New Delhi, Sept 17: The Bharatiya Janata Party (BJP) today demanded apology from Prime Minister Manmohan Singh and Congress president Sonia Gandhi for the government"s statement that some of Hinduism's most important texts were not proof of the existence of Hindu gods in an affidavit.
"They say they have accepted the mistake, but Manmohan Singh and Sonia Gandhi have not apologized yet. Ambika Soni (Union Cultural Minister) and H.R. Bhardwaj (Union Law Minister) have not resigned yet. You cannot kill anyone and accept they have committed the mistake," said BJP leader Vijay Goel.
“This kind of treatment can be given to only to Hindu religion. If the same thing would have happened to Christians and Muslims then riot have broken out in the country. The government is doing all this (Amending affidavit before court) to appease Hindu voters," he added.

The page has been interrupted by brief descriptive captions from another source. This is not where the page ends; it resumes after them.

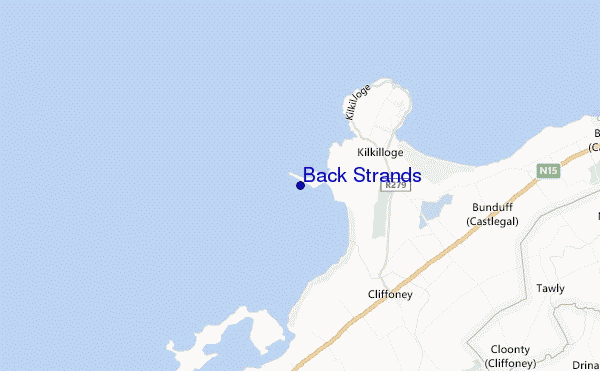 carte de localisation de Back Strands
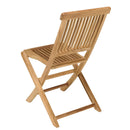 Fun - Lot De 2 Chaises Jardin - Teck - Marron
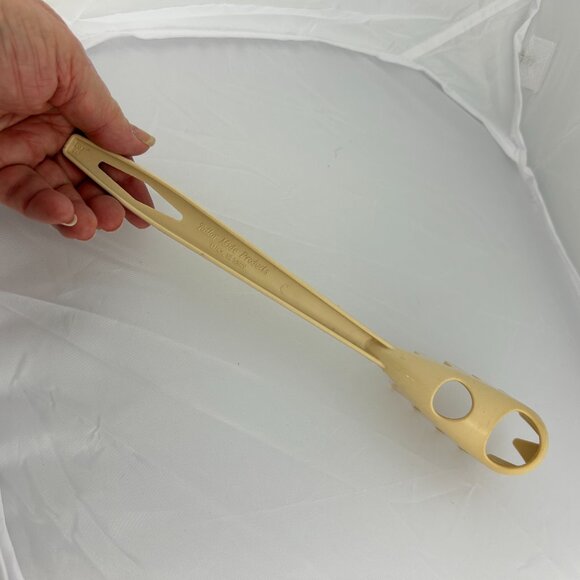Vtg Tailor Made Nylon Spaghetti Pasta Fork Spoon Server Measuring Almond Cream - Picture 2 of 6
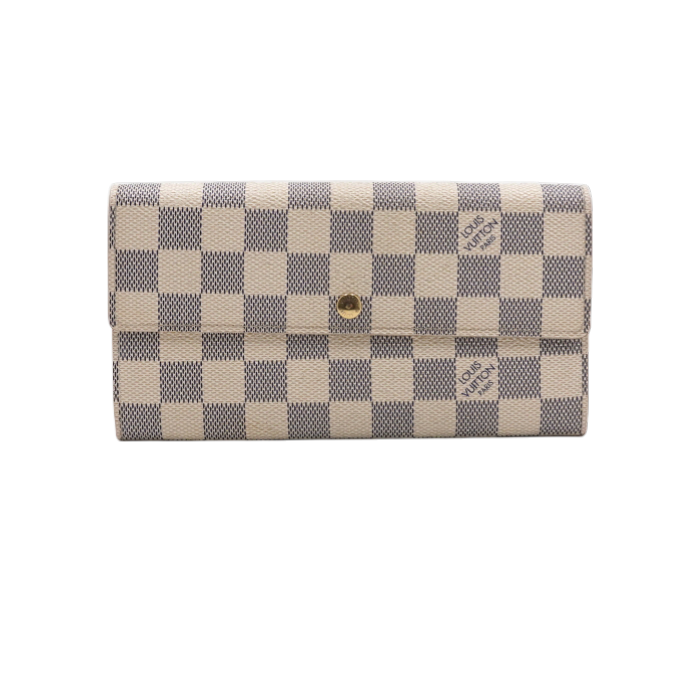 ITLERRTVK325 Louis Vuitton Damier Azur Sarah Wallet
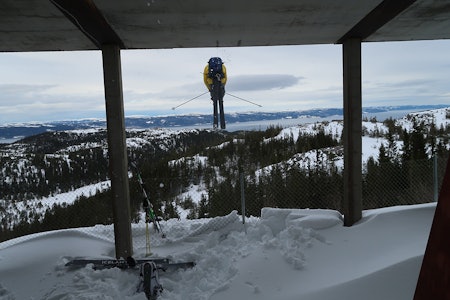 GRÅKALLEN: Christian Widén-Björk i Gråkallen. Foto: Bård Smestad Gråkallen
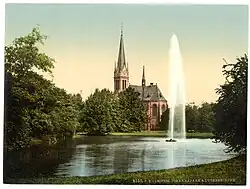 Johannapark und Lutherkirche zwischen 1890 und 1900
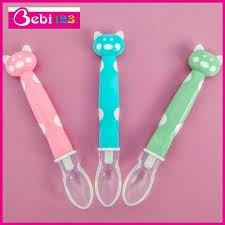 Thìa ăn dặm silicol cho bé hình mèo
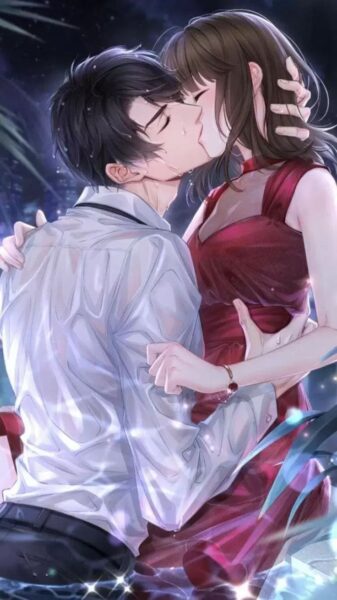 hình ảnh hôn nhau anime đẹp lãng mạng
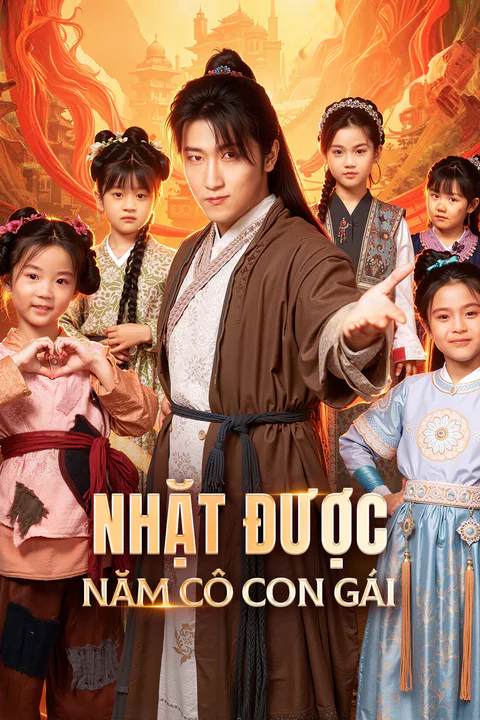 Poster Nhặt Được Năm Cô Con Gái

The row erupted after the Centre filed a statement before the Supreme Court on Wednesday on the Sethu Samundram ship lane project.
The government backtracked on the 'affidavit' next day and sought three months time from the apex court to file an amended one, following threats of nationwide protests by the BJP.
The Supreme Court Bench headed by Chief Justice K G Balkrishnan allowed the withdrawal of affidavit, and posted the matter for next hearing in the first week of January 2008.
The apex Bench said that the August 31 interim order restraining any construction at the "Ram Sethu" or Adam's bridge area will continue.
The Centre cleared that there was no intention to cast aspersions on a religious faith or to divide the society.
Soni said on Saturday that she was prepared to resign over the matter if asked to by the Prime Minister or the party president.
The culture ministry has suspended a director and an assistant director at the Archaeological Survey of India, which prepared the affidavit, while it investigates what happened.
The minister said the officials had ignored some of the revisions she wanted made after seeing a draft of the affidavit.
The government filed the affidavit as it defends its plan to build a canal through a bridge-like stretch of sandbanks and rocks between the Indian coast and Sri Lanka.
The 560-million-dollar Sethusamudram Ship Canal Project is intended to shave up to 36 hours off ship journeys between India's western and eastern coasts. Conservationists say the project will kill marine life and harm fishermen's livelihoods.
The project has also sparked protests by other groups including conservationists and local fishermen, who say the dredging will mean dumping sediment in deeper water further out to sea.